"Architecture", qui inaugure la 73e édition (4-23 juillet) du plus important festival de théâtre au monde avec celui d'Edimbourg, apporte malgré tout une réjouissance: une flopée de stars de la scène française y sont réunies, d'Emmanuelle Béart à Jacques Weber, en passant par Denis Podalydès ou Audrey Bonnet.
A la cour d'honneur du palais des Papes, lieu mythique de naissance du festival en 1947, cette pièce de Pascal Rambert, l'un des dramaturges français vivants les plus joués au monde, dresse le portrait sans complaisance d'une famille déchirée d'artistes, de philosophes et de compositeurs, telle une métaphore d'une Europe malade.
Située avant l'Anschluss en 1938, il ne se s'agit pas toutefois d'une pièce historique, précise à l'AFP M. Rambert qui en 2016 a obtenu le prix du théâtre de l'Académie française.

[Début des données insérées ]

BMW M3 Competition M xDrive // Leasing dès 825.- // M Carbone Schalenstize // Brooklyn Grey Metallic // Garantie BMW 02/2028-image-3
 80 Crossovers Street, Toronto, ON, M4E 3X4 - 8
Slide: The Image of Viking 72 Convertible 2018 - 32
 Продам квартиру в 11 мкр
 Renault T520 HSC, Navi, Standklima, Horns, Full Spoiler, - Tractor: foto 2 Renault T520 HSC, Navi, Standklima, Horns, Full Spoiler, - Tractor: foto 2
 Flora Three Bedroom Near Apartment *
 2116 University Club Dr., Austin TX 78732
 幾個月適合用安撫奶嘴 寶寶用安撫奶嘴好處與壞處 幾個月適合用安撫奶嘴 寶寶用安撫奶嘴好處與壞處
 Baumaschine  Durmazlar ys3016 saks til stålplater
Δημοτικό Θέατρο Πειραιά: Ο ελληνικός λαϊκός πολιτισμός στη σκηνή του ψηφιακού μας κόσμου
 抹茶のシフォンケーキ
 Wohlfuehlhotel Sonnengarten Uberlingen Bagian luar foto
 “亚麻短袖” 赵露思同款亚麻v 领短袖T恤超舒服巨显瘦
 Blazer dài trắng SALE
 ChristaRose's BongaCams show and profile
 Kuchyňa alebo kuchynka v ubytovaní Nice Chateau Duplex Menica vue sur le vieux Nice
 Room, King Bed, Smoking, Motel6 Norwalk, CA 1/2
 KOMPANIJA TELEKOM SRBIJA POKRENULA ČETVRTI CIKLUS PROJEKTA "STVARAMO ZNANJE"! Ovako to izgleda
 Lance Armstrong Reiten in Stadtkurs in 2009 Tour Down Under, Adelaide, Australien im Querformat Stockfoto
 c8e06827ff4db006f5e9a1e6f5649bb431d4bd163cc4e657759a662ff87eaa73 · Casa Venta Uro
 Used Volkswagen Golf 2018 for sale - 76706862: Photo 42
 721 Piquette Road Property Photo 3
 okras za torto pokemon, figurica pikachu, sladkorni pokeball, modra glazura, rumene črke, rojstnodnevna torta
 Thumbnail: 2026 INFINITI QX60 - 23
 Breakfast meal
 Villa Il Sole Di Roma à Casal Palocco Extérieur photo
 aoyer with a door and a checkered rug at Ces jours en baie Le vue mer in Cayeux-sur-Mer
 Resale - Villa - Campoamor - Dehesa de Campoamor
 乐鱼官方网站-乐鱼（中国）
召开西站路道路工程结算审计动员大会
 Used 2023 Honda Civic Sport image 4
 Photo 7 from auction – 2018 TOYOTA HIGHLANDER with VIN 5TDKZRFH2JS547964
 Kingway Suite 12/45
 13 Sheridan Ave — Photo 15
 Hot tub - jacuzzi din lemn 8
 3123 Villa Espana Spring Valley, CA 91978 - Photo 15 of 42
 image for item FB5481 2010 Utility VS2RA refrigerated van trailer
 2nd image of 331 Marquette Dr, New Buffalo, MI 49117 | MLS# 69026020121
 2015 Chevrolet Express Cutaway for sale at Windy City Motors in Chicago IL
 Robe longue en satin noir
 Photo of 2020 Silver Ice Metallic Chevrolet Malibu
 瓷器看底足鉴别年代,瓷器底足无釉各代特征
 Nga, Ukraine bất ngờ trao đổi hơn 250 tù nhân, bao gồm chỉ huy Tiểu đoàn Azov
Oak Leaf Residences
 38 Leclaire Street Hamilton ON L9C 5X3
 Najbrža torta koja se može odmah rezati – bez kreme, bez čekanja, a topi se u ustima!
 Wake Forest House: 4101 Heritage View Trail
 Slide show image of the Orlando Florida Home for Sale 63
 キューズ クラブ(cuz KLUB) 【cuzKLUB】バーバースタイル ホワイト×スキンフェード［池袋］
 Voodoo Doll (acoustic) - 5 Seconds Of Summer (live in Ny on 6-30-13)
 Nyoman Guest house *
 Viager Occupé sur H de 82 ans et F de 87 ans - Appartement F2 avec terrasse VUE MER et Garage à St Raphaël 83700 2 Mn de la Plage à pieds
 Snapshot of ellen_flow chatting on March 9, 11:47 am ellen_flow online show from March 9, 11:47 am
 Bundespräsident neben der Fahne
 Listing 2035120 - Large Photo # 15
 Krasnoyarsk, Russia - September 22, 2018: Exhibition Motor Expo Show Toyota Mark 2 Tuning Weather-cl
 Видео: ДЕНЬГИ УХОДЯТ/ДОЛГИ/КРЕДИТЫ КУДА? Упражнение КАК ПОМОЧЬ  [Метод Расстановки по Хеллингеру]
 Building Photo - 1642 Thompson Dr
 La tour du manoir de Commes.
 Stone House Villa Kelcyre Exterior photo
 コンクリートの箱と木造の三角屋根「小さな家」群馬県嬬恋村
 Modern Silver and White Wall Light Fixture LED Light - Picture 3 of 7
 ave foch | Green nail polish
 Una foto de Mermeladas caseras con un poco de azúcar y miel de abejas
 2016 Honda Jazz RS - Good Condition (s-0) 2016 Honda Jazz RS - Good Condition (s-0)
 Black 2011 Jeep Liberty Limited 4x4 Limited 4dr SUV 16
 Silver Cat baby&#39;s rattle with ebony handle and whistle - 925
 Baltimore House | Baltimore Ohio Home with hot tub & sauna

"Je l'ai construite de l'inquiétude que j'ai en 2019 face à ce qui se passe un peu partout en Europe, dans les pays où je joue mes pièces comme en Italie ou en Espagne, où Vox (parti d'extrême-droite) a remporté de très grands scores" en avril, précise l'auteur de 57 ans.
"Si à une époque aussi brillante et créative, on n'a pas empêché l'arrivée du nazisme, que dire de maintenant? C'est facile de dire qu'aujourd'hui ce n'est pas le 3e Reich. Mais il y a quelque chose de plus insidieux", assure cet habitué d'Avignon.
"Le faux devient vrai"
Ses pièces, comme "Une (micro) histoire économique du monde" en 2010, "Clôture de l'amour" qui avait triomphé au festival en 2011 puis connu un succès mondial avec sa traduction en 23 langues ou encore "Répétition" en 2014, ont été jouées partout, du Mexique à Taïwan en passant par l'Egypte.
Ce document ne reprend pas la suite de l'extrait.